**WORK REQUIRED**
Copy out exactly the lines below that run from the one holding "Lorraine Gary" to the one holding "Satılır 2 otaqlı", keeping both of those lines and no others.

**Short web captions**
=====

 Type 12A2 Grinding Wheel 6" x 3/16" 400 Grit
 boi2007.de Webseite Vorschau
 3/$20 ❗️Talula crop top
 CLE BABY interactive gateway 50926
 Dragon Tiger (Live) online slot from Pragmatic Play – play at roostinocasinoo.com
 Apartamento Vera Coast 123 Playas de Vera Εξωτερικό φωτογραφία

=====

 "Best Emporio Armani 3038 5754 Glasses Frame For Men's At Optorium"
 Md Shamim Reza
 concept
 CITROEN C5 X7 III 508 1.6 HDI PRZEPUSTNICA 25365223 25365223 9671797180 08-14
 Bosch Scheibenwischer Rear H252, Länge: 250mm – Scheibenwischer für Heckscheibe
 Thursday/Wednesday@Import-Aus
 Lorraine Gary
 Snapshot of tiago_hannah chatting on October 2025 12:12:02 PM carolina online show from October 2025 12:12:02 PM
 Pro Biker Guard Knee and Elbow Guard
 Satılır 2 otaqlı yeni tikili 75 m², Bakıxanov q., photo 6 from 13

=====

**COMPLETED EXERCISE**
 Lorraine Gary
 Snapshot of tiago_hannah chatting on October 2025 12:12:02 PM carolina online show from October 2025 12:12:02 PM
 Pro Biker Guard Knee and Elbow Guard
 Satılır 2 otaqlı yeni tikili 75 m², Bakıxanov q., photo 6 from 13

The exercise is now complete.